> **What you have to do**
Under this line are records; the part from the line containing "Hi guys and" through the line containing "I kind of went" should be repeated exactly. Please exclude pictures.

> **Data for this task**
·····
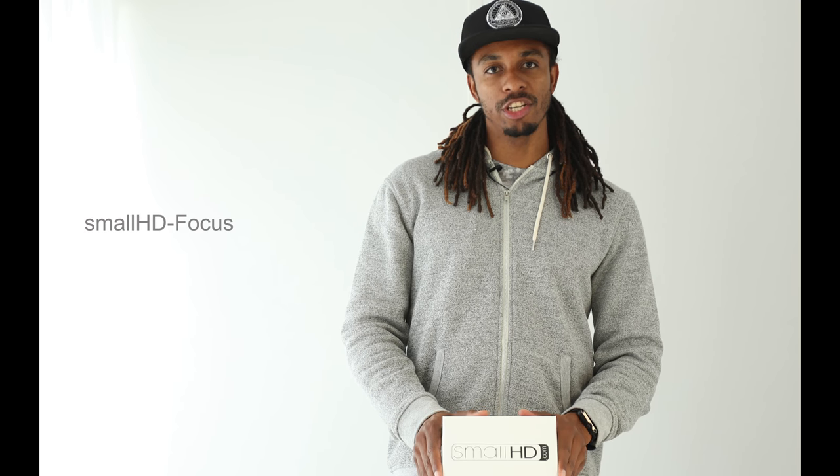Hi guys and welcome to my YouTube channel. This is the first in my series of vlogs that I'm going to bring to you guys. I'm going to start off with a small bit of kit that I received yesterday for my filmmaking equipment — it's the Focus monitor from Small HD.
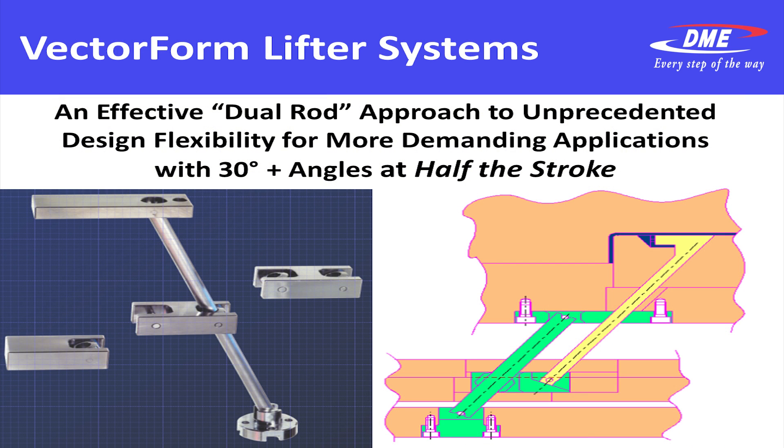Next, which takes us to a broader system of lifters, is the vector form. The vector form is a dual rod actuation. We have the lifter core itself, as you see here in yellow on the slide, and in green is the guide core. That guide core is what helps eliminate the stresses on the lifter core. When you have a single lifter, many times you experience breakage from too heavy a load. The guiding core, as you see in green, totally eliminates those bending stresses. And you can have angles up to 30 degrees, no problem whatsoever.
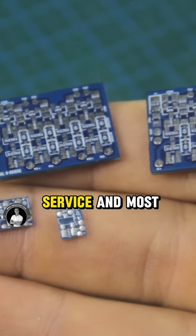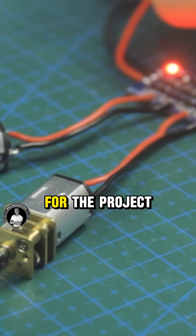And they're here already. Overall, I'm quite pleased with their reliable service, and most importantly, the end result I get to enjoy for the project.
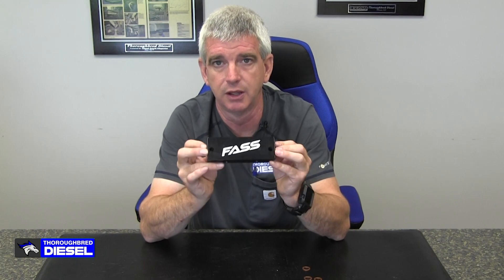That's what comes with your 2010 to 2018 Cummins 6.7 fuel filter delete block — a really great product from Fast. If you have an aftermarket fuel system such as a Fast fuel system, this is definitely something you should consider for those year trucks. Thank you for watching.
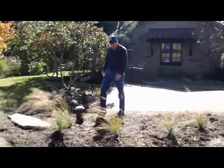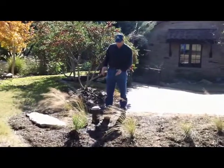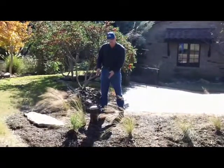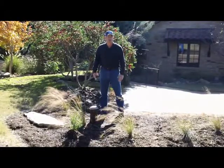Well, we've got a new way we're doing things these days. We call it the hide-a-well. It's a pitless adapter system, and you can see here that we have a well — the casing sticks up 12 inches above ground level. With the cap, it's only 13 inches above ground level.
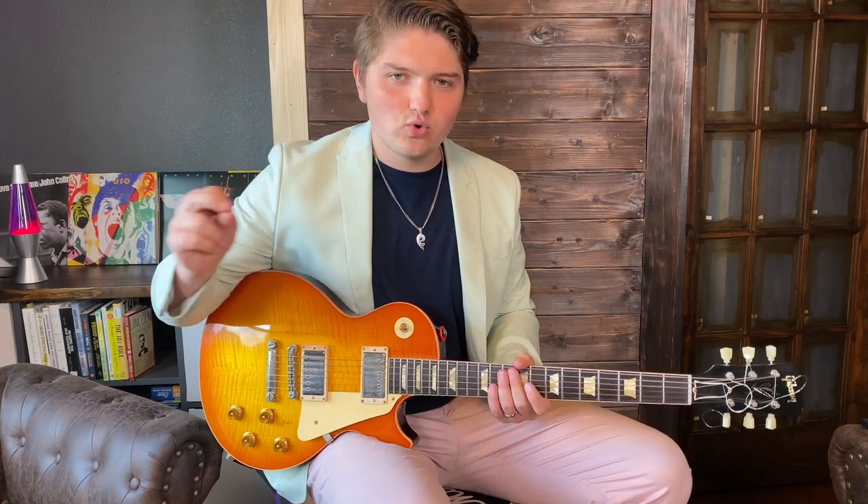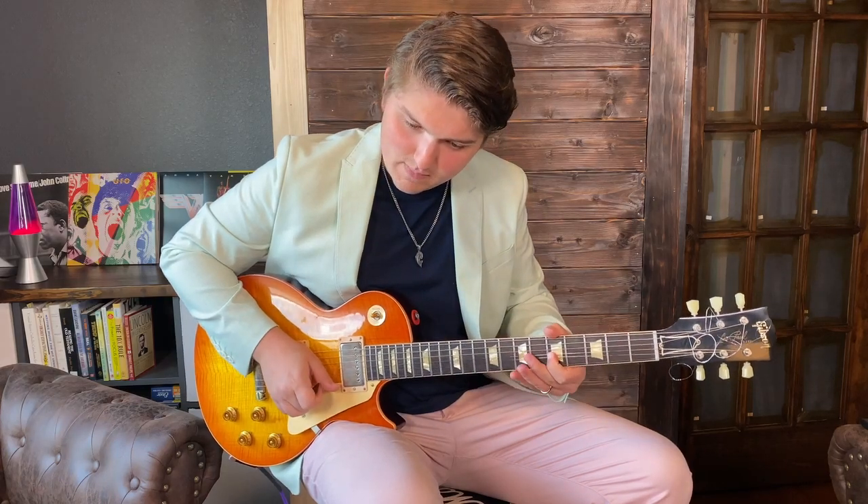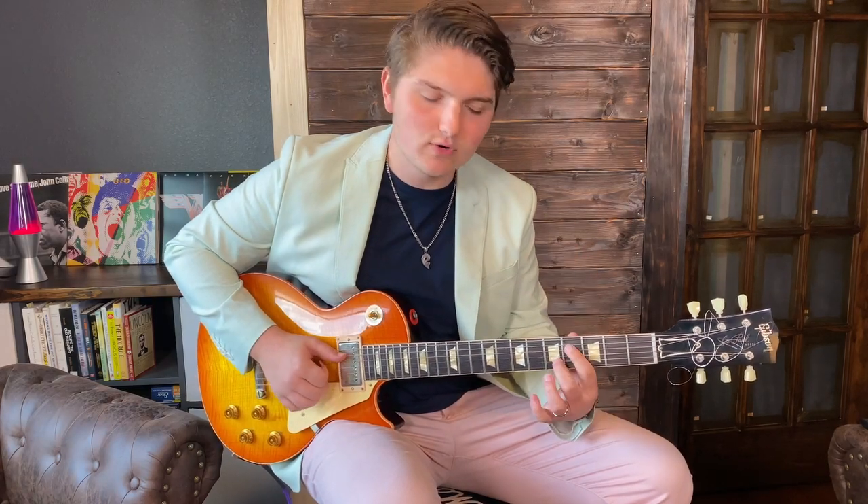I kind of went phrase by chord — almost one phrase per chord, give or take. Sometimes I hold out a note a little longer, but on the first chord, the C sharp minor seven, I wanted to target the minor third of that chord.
·····
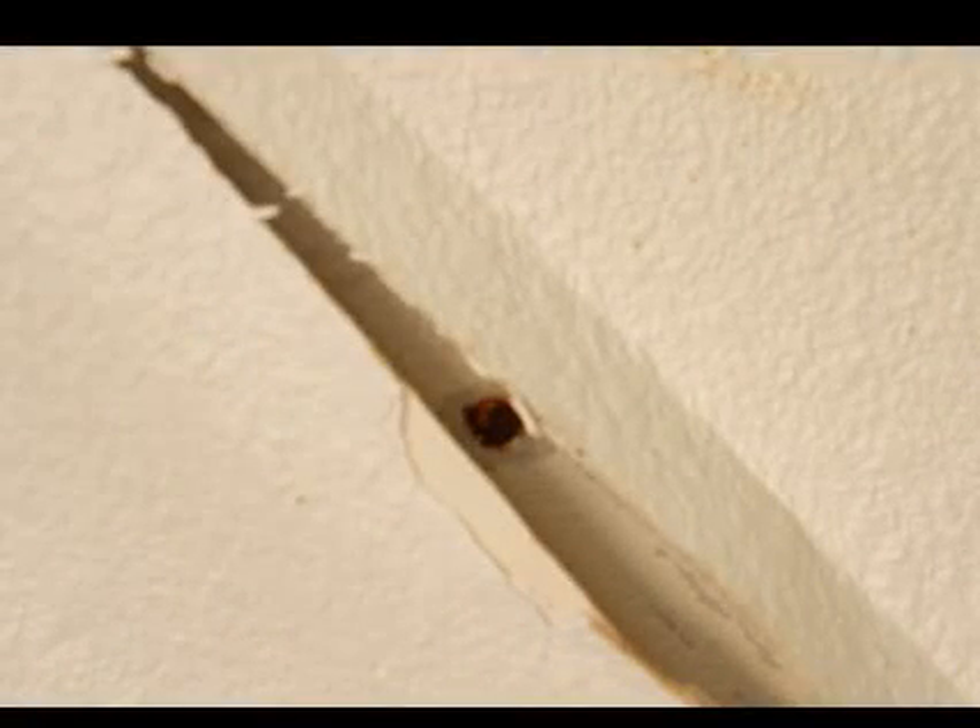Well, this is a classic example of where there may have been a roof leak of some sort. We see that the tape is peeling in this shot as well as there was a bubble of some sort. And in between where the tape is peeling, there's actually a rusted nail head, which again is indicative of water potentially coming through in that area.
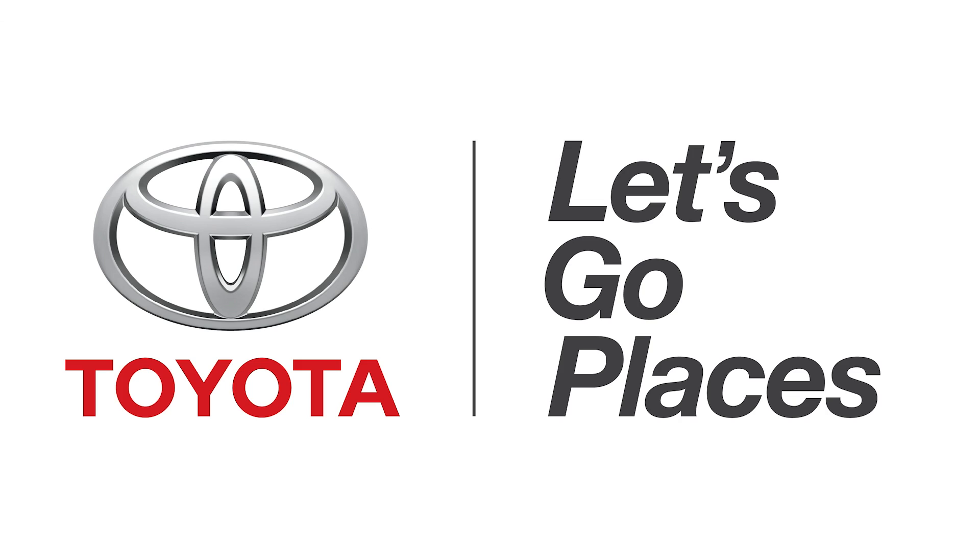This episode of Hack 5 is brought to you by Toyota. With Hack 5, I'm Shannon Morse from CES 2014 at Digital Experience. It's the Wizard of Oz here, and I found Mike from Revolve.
·····
> **Answer to the exercise**
Hi guys and welcome to my YouTube channel. This is the first in my series of vlogs that I'm going to bring to you guys. I'm going to start off with a small bit of kit that I received yesterday for my filmmaking equipment — it's the Focus monitor from Small HD.
Next, which takes us to a broader system of lifters, is the vector form. The vector form is a dual rod actuation. We have the lifter core itself, as you see here in yellow on the slide, and in green is the guide core. That guide core is what helps eliminate the stresses on the lifter core. When you have a single lifter, many times you experience breakage from too heavy a load. The guiding core, as you see in green, totally eliminates those bending stresses. And you can have angles up to 30 degrees, no problem whatsoever.
And they're here already. Overall, I'm quite pleased with their reliable service, and most importantly, the end result I get to enjoy for the project.
That's what comes with your 2010 to 2018 Cummins 6.7 fuel filter delete block — a really great product from Fast. If you have an aftermarket fuel system such as a Fast fuel system, this is definitely something you should consider for those year trucks. Thank you for watching.
Well, we've got a new way we're doing things these days. We call it the hide-a-well. It's a pitless adapter system, and you can see here that we have a well — the casing sticks up 12 inches above ground level. With the cap, it's only 13 inches above ground level.
I kind of went phrase by chord — almost one phrase per chord, give or take. Sometimes I hold out a note a little longer, but on the first chord, the C sharp minor seven, I wanted to target the minor third of that chord.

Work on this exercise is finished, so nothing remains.